Sardar Muhammad Ashraf Khan performed his duty as Acting Chief Justice from September 29, 1987 to September 22, 1989. All the acts performed by the High Court during this period of time were never questioned either in the High Court or in the Supreme Court. Later on, the Interim Constitution Act was amended in the light of the provisions contained in Section 5, sub-section (1-A) of the Azad Jammu and Kashmir Courts and Laws Code, 1949, which reads as under :--

"(1-A).  At any time when :--

(a)                              the office of the Chief Justice of the High Court is  vacant; or

(b)                              the Chief Justice of the High Court is absent or is unable to perform the functions of his office due to any other cause,the President shall appoint the most senior of the other Judges of the High Court to act as Chief Justice."

It is our considered opinion that in the light of the above referred facts, all the facts performed by Sardar Muhammad Ashraf Khan in his capacity as Acting Chief Justice had not only de facto validity but had acquired the de jure validity by reasons of the un-questioned recognition, extended to them by the Courts in Azad Kashmir and later on by the Constitution itself after it was amended strictly in accordance with the above quoted provisions contained in Section 5(1-A) of the Azad Jammu and Kashmir Courts and Laws Code, 1949. The validity of the act done by him including drawing of panel of eligible persons for their elevation as Judge of the High Court, is therefore, no longer open to challenge.

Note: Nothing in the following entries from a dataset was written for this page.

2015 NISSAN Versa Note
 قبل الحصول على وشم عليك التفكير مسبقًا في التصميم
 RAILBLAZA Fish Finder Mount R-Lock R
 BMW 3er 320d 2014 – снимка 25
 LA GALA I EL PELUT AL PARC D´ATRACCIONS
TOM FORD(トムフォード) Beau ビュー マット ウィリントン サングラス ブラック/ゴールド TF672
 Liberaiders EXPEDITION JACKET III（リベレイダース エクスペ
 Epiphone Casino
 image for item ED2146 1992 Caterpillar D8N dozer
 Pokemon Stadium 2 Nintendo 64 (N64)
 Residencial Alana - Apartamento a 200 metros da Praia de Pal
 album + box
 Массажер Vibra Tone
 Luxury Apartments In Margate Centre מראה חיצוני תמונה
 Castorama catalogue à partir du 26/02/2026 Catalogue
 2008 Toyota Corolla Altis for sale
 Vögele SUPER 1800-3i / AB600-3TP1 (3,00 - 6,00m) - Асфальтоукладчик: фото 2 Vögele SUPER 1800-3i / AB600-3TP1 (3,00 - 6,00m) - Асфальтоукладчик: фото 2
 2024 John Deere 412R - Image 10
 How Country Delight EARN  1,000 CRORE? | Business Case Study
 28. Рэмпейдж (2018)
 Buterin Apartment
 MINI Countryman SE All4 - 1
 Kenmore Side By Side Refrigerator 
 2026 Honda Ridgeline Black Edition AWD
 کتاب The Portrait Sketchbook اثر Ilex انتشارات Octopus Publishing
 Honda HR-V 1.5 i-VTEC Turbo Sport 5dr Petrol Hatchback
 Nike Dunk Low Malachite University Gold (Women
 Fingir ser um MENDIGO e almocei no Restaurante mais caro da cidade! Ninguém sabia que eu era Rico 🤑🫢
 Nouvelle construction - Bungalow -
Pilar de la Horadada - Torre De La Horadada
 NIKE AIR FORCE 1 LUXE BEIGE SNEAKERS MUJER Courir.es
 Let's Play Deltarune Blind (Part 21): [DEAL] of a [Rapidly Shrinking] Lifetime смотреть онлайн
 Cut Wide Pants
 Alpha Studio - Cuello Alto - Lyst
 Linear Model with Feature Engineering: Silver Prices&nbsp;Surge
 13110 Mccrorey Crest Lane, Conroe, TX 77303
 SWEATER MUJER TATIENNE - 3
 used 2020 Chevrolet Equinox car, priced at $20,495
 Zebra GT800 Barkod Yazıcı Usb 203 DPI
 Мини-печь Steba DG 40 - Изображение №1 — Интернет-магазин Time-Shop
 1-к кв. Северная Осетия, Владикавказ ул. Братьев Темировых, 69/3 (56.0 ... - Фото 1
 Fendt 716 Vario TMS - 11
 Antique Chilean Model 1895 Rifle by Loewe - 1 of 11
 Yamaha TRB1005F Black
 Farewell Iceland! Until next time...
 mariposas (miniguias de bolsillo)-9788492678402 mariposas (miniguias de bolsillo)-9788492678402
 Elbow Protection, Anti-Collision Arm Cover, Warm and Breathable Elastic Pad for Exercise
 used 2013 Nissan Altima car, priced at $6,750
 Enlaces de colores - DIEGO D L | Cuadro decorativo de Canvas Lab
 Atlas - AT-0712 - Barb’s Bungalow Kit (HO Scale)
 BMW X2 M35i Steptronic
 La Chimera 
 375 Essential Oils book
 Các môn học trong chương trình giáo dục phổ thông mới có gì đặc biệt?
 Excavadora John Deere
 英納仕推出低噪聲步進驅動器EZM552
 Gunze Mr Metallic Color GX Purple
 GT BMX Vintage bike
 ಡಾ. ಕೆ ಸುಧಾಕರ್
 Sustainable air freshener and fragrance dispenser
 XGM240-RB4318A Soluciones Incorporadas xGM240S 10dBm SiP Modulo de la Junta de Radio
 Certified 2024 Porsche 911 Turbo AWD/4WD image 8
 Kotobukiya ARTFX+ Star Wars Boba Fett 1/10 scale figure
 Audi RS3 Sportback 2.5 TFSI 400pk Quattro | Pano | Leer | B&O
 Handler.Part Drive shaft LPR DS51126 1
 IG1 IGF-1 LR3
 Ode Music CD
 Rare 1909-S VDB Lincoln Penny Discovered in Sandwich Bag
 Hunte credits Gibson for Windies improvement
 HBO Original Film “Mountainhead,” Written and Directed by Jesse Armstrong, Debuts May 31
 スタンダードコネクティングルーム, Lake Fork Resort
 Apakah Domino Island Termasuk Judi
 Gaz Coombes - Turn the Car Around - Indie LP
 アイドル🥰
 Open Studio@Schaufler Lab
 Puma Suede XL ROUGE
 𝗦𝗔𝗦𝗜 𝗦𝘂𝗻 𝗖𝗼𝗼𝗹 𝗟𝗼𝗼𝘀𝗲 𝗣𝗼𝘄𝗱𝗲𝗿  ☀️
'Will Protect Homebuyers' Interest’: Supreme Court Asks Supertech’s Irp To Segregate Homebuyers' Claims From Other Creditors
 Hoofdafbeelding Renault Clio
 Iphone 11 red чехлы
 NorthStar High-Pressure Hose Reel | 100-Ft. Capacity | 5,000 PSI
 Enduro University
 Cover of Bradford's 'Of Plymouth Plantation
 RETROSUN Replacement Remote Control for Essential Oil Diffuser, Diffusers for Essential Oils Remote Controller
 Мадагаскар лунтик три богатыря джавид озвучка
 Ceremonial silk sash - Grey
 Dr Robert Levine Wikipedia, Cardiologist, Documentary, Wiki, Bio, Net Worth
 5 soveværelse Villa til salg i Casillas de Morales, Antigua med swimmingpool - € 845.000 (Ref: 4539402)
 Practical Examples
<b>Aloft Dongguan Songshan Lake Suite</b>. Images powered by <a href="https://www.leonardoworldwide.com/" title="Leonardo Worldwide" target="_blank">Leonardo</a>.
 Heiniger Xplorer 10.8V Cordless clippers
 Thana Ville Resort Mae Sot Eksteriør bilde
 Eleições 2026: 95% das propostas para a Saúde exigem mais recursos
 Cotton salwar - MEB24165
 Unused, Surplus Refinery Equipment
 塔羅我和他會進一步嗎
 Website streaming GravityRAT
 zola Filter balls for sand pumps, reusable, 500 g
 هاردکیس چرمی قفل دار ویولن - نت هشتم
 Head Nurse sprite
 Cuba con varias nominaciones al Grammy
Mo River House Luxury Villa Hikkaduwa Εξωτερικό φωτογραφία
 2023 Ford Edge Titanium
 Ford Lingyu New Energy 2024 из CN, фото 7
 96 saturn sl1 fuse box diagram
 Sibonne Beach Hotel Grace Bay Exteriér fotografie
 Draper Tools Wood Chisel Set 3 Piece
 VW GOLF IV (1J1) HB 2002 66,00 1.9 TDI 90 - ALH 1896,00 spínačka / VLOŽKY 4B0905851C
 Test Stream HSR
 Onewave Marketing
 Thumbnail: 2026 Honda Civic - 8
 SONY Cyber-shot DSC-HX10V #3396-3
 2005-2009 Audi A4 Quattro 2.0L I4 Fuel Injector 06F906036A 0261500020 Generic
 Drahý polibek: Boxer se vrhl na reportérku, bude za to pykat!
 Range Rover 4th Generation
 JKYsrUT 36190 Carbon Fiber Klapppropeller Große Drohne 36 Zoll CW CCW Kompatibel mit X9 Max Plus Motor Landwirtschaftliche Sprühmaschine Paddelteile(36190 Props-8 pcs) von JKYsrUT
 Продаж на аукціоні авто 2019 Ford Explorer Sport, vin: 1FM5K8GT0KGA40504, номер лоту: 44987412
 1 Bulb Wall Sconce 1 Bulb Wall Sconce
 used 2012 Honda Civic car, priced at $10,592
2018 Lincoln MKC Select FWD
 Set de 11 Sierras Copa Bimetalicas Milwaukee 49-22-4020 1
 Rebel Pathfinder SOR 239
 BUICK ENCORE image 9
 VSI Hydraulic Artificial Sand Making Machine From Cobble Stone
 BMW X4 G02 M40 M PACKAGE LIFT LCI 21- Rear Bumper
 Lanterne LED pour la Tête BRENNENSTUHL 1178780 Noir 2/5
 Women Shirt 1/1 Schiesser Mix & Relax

In view of the above, there is no justification for us to issue notice to the respondent-Judge that under what authority of law he is holding the office of Judge of the High Court. In the light of the above reasoning, this writ petition is dismissed in limine.

However, before parting with the case, we have noted with regret that certain indecent remarks have been given by the petitioner about respondent No. 3 without any proof. The petitioner has even attributed malice to the Bench which had dismissed his petition which he had filed against another member of this Court. The petitioner, who in the very beginning of his petition, has pleaded that he was conversant with law on account of his long association with the profession as an Advocate and a judicial officer, should have pleaded the facts in a concise form to enable the respondents and this Court to ascertain whether in fact and in law a cause of action did arise to him or not. He had no right to pass indecent remarks about the respondents to blame them. The indecent remarks given by him in para 10, starting from the words "While going through the judgment" upto the words "decision of the writ petition." occurring before the sentence "The judgment is attached herewith as Annexure I", in para 11, fourth line, starting from the words "The observation" upto the words "by any citizen", and sub-para (B) of para 13 of his writ petition may cause adverse effect on the dignity, impartiality and independence of the institution and may even lower down the prestige of the Judges in the mind of the general public. These remarks could be taken notice of for action, but keeping in view that he has been removed from service against his expectation that he would retire at the age of 62 years, we ignore this aspect of the matter. However, the remarks referred above are ordered to be struck off.

(Aq.By.)                                                                          Petition dismissed.